ENTRIES PROVIDED →
━━━━━━━━━━
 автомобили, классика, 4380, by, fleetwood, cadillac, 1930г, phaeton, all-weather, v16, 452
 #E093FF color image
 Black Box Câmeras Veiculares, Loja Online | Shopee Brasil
━━━━━━━━━━
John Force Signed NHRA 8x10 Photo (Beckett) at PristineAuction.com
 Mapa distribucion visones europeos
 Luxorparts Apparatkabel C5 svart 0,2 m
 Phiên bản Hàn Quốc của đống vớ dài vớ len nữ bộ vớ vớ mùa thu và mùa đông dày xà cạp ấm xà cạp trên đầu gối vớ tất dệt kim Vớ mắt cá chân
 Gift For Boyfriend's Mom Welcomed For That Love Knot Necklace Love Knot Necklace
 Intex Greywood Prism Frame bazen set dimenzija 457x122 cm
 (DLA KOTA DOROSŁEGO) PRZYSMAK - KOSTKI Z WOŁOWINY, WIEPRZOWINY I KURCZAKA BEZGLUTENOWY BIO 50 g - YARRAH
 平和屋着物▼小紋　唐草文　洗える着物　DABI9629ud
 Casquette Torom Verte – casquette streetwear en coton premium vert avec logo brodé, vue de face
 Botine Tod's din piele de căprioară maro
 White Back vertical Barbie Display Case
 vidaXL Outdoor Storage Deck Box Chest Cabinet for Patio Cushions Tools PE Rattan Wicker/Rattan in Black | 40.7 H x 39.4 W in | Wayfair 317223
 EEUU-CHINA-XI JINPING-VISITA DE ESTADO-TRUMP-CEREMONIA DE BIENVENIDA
━━━━━━━━━━
Starting at the line that has "Luxorparts Apparatkabel C5 svart 0,2 m" and ending at the line that has "EEUU-CHINA-XI JINPING-VISITA DE", please write out the lines above exactly, leaving out all others.

 Luxorparts Apparatkabel C5 svart 0,2 m
 Phiên bản Hàn Quốc của đống vớ dài vớ len nữ bộ vớ vớ mùa thu và mùa đông dày xà cạp ấm xà cạp trên đầu gối vớ tất dệt kim Vớ mắt cá chân
 Gift For Boyfriend's Mom Welcomed For That Love Knot Necklace Love Knot Necklace
 Intex Greywood Prism Frame bazen set dimenzija 457x122 cm
 (DLA KOTA DOROSŁEGO) PRZYSMAK - KOSTKI Z WOŁOWINY, WIEPRZOWINY I KURCZAKA BEZGLUTENOWY BIO 50 g - YARRAH
 平和屋着物▼小紋　唐草文　洗える着物　DABI9629ud
 Casquette Torom Verte – casquette streetwear en coton premium vert avec logo brodé, vue de face
 Botine Tod's din piele de căprioară maro
 White Back vertical Barbie Display Case
 vidaXL Outdoor Storage Deck Box Chest Cabinet for Patio Cushions Tools PE Rattan Wicker/Rattan in Black | 40.7 H x 39.4 W in | Wayfair 317223
 EEUU-CHINA-XI JINPING-VISITA DE ESTADO-TRUMP-CEREMONIA DE BIENVENIDA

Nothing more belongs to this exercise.